■ Data below ■
--------

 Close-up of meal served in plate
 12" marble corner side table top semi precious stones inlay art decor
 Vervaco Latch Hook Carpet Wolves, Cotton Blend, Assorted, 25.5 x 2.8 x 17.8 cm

--------

■ Goal of the exercise ■
The data above must be repeated in its entirety, exactly as given.

■ Answer space ■
 Close-up of meal served in plate
 12" marble corner side table top semi precious stones inlay art decor
 Vervaco Latch Hook Carpet Wolves, Cotton Blend, Assorted, 25.5 x 2.8 x 17.8 cm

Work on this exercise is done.